ETOBICOKE, Ont. -- While most of the hockey world spent Wednesday's energy concentrating on the possible outcomes for Thursday's Game 7 of the Eastern Conference Finals series between the Buffalo Sabres and Carolina Hurricanes, a hockey drama just as taut and tense is unfolding north of the border, a mere 90 minutes north of Buffalo.
Here, at the Park Plaza Hotel, the NHL Draft Combine is in full swing. The week-long event, hosted by the NHL's Central Scouting Service, has brought 109 of the best and brightest teenage prospects eligible for this year's Entry Draft together in one place so the League's 30 member clubs can take advantage of the opportunity to interview these stars of tomorrow.
The prospects will also undergo a rigorous three-hour physical exam/workout that is administered by the CSS. Each player's results from the physical and the battery of grueling tests will then be passed on to the 30 NHL teams.
"For us, this is like our Stanley Cup Final," said Brandon Pridham, CSB's manager. "This is the culmination of two months of serious planning."
For the attending players, it is somehow even bigger than that. It is their next big step in navigating the perilous route required to fulfill long-cherished dreams of playing in the NHL. In the course of their time at the combine, these players will be poked and prodded -- both mentally and physically -- as NHL teams strive to glean any pertinent information available to help make their draft-day selections at the Entry Draft in Vancouver later this month.

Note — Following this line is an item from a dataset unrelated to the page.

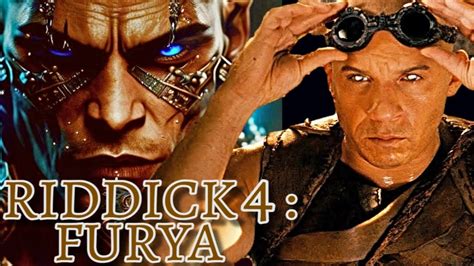 Riddick 4: Furya - Story, Release Date, New Characters, Why It Took So Long And Other Questions ...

A strong showing in the interview process -- a daunting 20-minute face-to face with team personnel -- could conceivably make a prospect look more attractive than his current ranking. Likewise, a monster showing in the physical testing -- a circuit of punishing exercises designed to test a player's strength and endurance -- could also boost a player's stock. Conversely, a poor showing in either event could cause a player to fall from the ranking already bestowed by CSS in its final report back in March.
Therefore, the prospects are acutely aware of the significance this particular week holds in regards to the future. For that reason, the lobby and hallways of the Park Plaza were a beehive of nervous behavior as the teens congregated to compare notes and chat excitedly.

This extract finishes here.